Pressed on the details of exactly how to clean “every train every night,” Cuomo seemingly bent the rules of time.

“I didn’t say on a 24-hour basis,” he said. “I said when people get into the train in the morning, they had to know that that train was disinfected the night before.

“I told the MTA, give me a plan whereby you will clean and disinfect every train every night so that I can say to the essential workers who are killing themselves for our state … know that that car was disinfected the night before.”

Cuomo insisted that the plan was both “realistic” and “essential” — but said he was unsure how it would impact service.

The MTA did not immediately respond to a request for comment.

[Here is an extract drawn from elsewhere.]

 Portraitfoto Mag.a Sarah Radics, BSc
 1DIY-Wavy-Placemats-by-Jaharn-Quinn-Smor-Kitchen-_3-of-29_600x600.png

The push came as Cuomo again decried conditions on the subway system, to which the city’s homeless have flocked with ridership at historic lows.

“The trains are filled with homeless people, and you’re not doing the homeless any favors,” he said. “Letting them endanger their own lives and the lives of others is not helping anyone.”

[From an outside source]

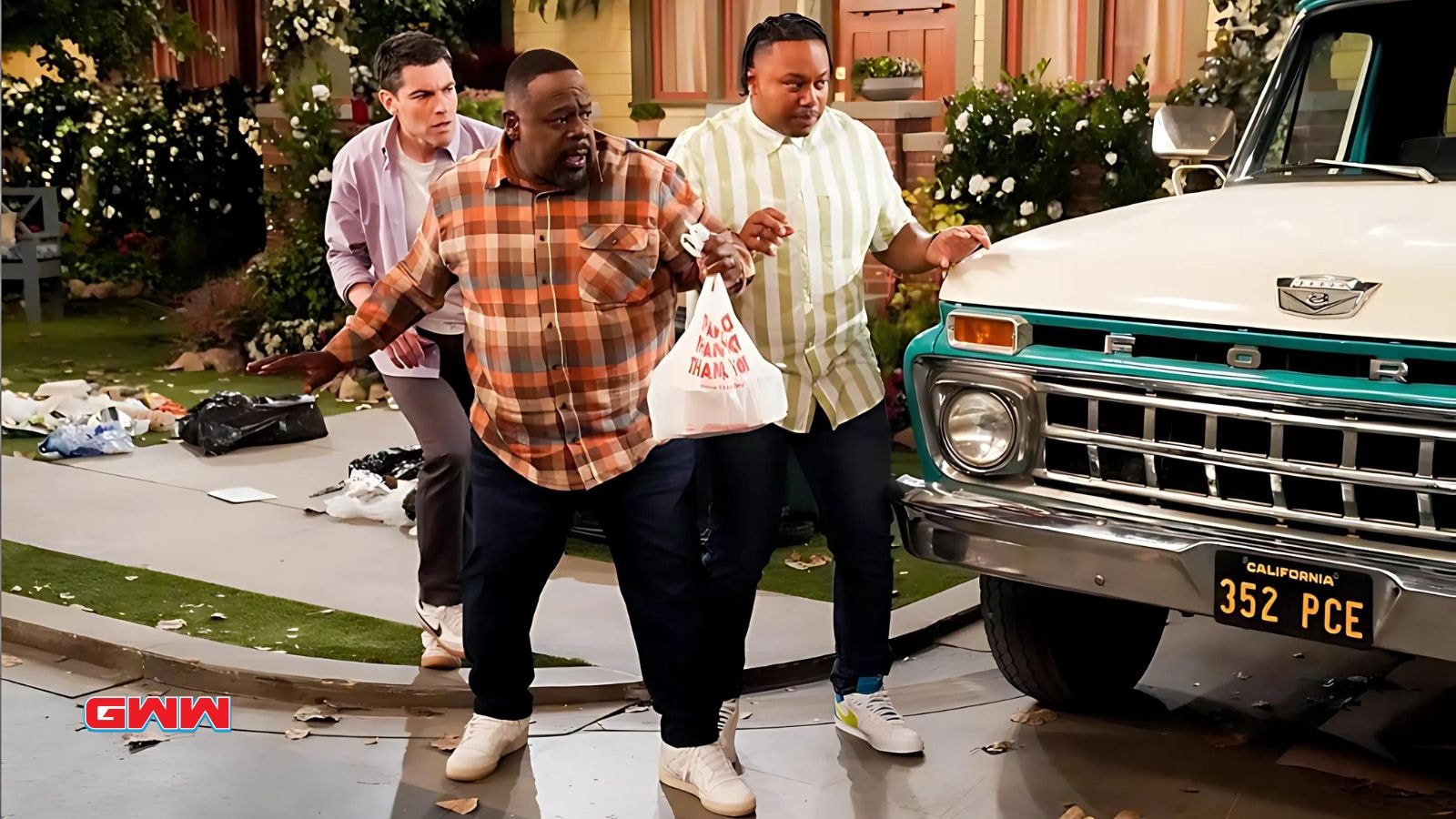 Cedric the Entertainer, Max Greenfield and Marcel Spears in the Neighborhood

Pressed for a solution, Mayor Bill de Blasio on Tuesday proposed shuttering 10 terminals on a nightly basis to clear out the trains, but the MTA has initially balked at the idea.

Cuomo also highlighted crime on the city’s rails spiking despite the plunge in ridership.

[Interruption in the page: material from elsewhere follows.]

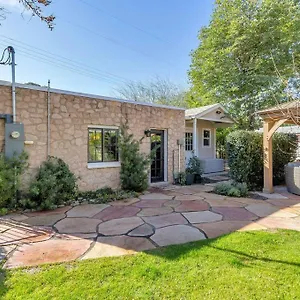 Guest house Best Little In Melrose! New Listing!, Phoenix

“Some crimes are up in the subways, even though ridership is down 90 percent,” he said. “I don’t even know how mathematically that is possible.”

MTA exec Sarah Feinberg said officials would present a plan to the governor Thursday — but said officials are limited in resources to tackle the problem.

“We are doing everything we can do to make sure our cars are clean and disinfected and sanitary and that we are addressing it as frequently as we possibly can,” she told reporters during an afternoon video conference.

“If I had an unlimited workforce and unlimited resources, I think we all agree that we’d be cleaning and disinfecting cars every couple of hours, but we are such a large city, such a large fleet, such a large system, that exercise like that are difficult if not impossible.”